God, this was supposed to be about identity and the COVID isolation. Let's right the course and re-focus on that. So, I have basically dropped a lot of people out of my life during this time, I have come to understand that this is pretty common for a lot of people. I know for myself a lot of those people were the ones that were creating this identity for myself. Considering I wasn't around them for a long time I had to look at this interaction and realize that I shouldn't have to fight someone to be who I am. Once that clicked in my mind I realized that these people just weren't listening and I was. They knew what they wanted to me to be and anything that shifted that identity was promptly ignored. Just writing this has made a solid handful of names rush through my mind. It is sort of baffling how many of this sort of relationships I have encountered.

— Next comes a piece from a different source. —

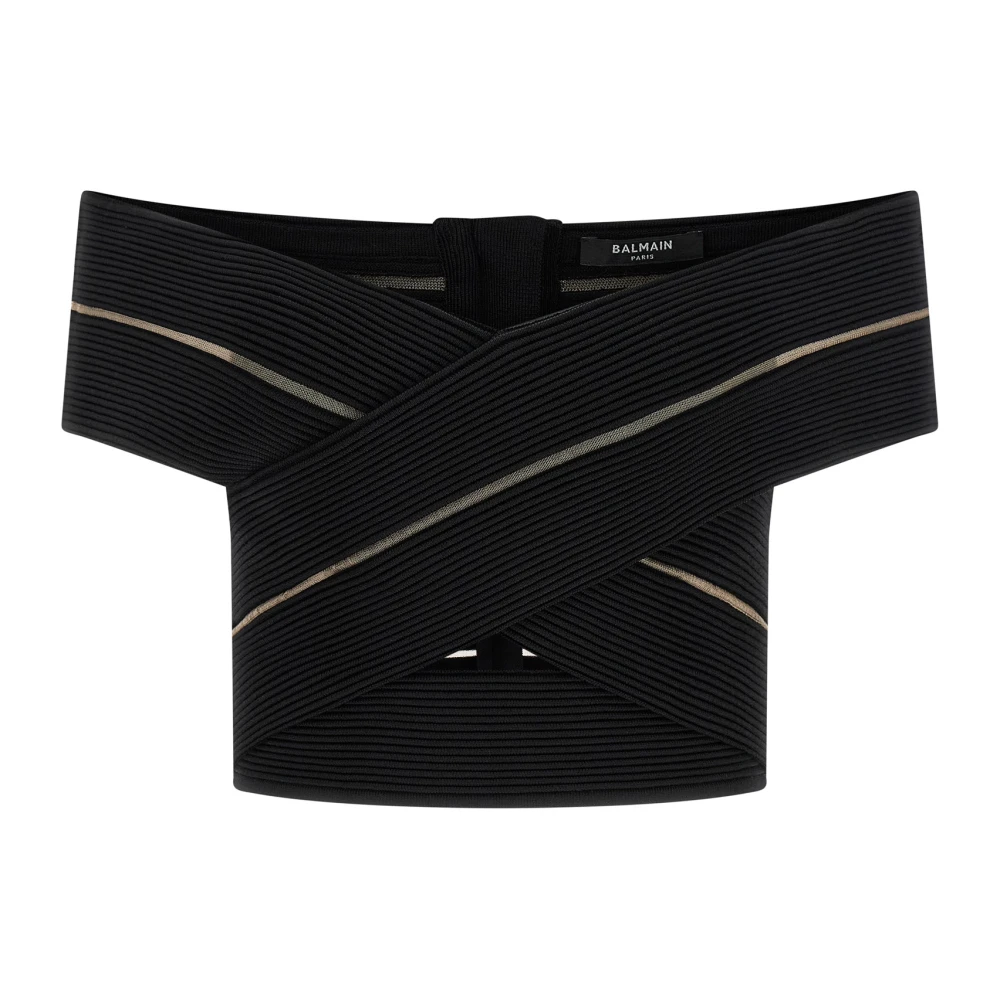 Balmain Women's Black Stretch Viscose Off-Shoulder Crop Top - Sleeveless Tops - Xs - Tops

On a lighter note, I have also kept a good collection of people around me. I cannot voice how much I appreciate the interactions that we have. When I mentioned about thinking if I was ace or nonbinary earlier it was because of them. It wasn't them going "You are X" it was them asking "Do you think you are X". This might seem so minor but it was letting me fill in the blank. I wasn't having something forced on me, no presumption trying to be made solid. They were excited about the prospect of me finding this out about myself too, even just exploring the idea. It just makes my time with them easy. I can trust them that something I say isn't going to be used against me and if there is a problem we can talk it out. They know me because they have let me be me. I am still figuring out who me is but they are right with me, I am there with them.